*** Opening DATASET EXCERPTS ***

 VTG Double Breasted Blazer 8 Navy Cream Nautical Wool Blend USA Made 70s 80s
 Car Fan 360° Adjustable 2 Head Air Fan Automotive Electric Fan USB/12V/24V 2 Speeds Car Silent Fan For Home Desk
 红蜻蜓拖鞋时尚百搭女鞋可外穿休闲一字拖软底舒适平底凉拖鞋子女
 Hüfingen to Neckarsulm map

*** Closing DATASET EXCERPTS ***
*** Opening DATASET EXCERPTS ***

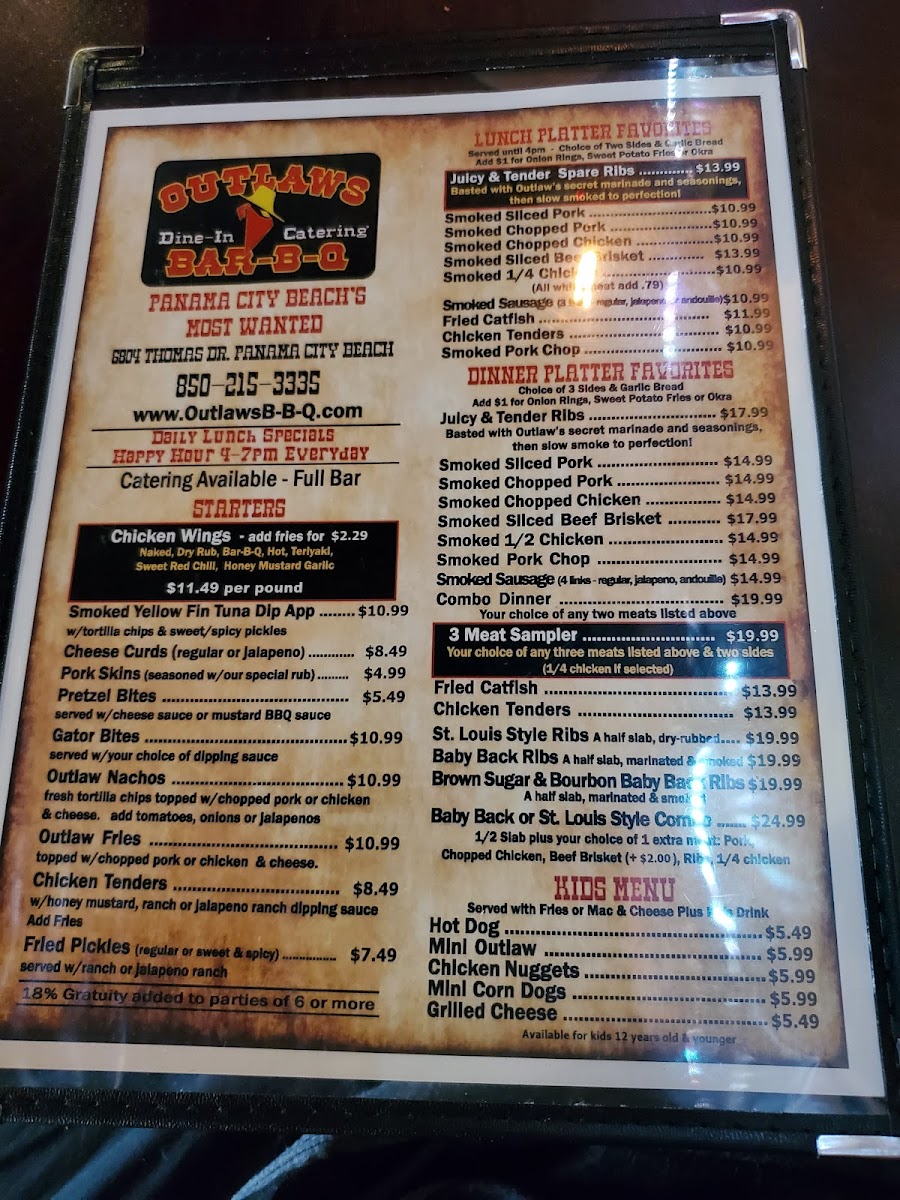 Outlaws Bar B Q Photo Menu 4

*** Closing DATASET EXCERPTS ***
*** Opening DATASET EXCERPTS ***

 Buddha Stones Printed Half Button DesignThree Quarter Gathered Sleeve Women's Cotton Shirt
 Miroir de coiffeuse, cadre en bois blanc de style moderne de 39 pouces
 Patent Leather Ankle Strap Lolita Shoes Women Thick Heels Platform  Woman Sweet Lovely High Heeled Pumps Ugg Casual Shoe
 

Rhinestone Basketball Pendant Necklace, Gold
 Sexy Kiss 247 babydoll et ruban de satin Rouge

*** Closing DATASET EXCERPTS ***

→ PROBLEM DESCRIPTION: Beginning with the line holding "红蜻蜓拖鞋时尚百搭女鞋可外穿休闲一字拖软底舒适平底凉拖鞋子女" and ending with the line holding "Hüfingen to Neckarsulm map", write out the stretch of material above exactly; add no further lines.

→ ANSWER BELOW:
 红蜻蜓拖鞋时尚百搭女鞋可外穿休闲一字拖软底舒适平底凉拖鞋子女
 Hüfingen to Neckarsulm map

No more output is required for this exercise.